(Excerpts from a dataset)
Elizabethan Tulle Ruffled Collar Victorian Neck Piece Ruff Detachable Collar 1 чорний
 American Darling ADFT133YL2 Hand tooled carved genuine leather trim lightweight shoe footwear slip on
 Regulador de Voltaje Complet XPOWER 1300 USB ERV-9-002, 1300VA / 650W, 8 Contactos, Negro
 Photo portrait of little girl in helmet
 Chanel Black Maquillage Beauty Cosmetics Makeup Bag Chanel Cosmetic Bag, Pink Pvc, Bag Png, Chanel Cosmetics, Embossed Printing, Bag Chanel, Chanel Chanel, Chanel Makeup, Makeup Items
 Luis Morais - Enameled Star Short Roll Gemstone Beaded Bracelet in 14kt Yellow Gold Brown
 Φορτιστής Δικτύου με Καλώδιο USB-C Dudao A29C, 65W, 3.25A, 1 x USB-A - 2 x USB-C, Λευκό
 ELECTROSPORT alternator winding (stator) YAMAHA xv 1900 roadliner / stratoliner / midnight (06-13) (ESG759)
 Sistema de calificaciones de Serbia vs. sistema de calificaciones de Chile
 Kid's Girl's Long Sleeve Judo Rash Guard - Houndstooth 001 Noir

- GOAL OF THE EXERCISE
All entries should be transcribed verbatim.

- OUTPUT BELOW
Elizabethan Tulle Ruffled Collar Victorian Neck Piece Ruff Detachable Collar 1 чорний
 American Darling ADFT133YL2 Hand tooled carved genuine leather trim lightweight shoe footwear slip on
 Regulador de Voltaje Complet XPOWER 1300 USB ERV-9-002, 1300VA / 650W, 8 Contactos, Negro
 Photo portrait of little girl in helmet
 Chanel Black Maquillage Beauty Cosmetics Makeup Bag Chanel Cosmetic Bag, Pink Pvc, Bag Png, Chanel Cosmetics, Embossed Printing, Bag Chanel, Chanel Chanel, Chanel Makeup, Makeup Items
 Luis Morais - Enameled Star Short Roll Gemstone Beaded Bracelet in 14kt Yellow Gold Brown
 Φορτιστής Δικτύου με Καλώδιο USB-C Dudao A29C, 65W, 3.25A, 1 x USB-A - 2 x USB-C, Λευκό
 ELECTROSPORT alternator winding (stator) YAMAHA xv 1900 roadliner / stratoliner / midnight (06-13) (ESG759)
 Sistema de calificaciones de Serbia vs. sistema de calificaciones de Chile
 Kid's Girl's Long Sleeve Judo Rash Guard - Houndstooth 001 Noir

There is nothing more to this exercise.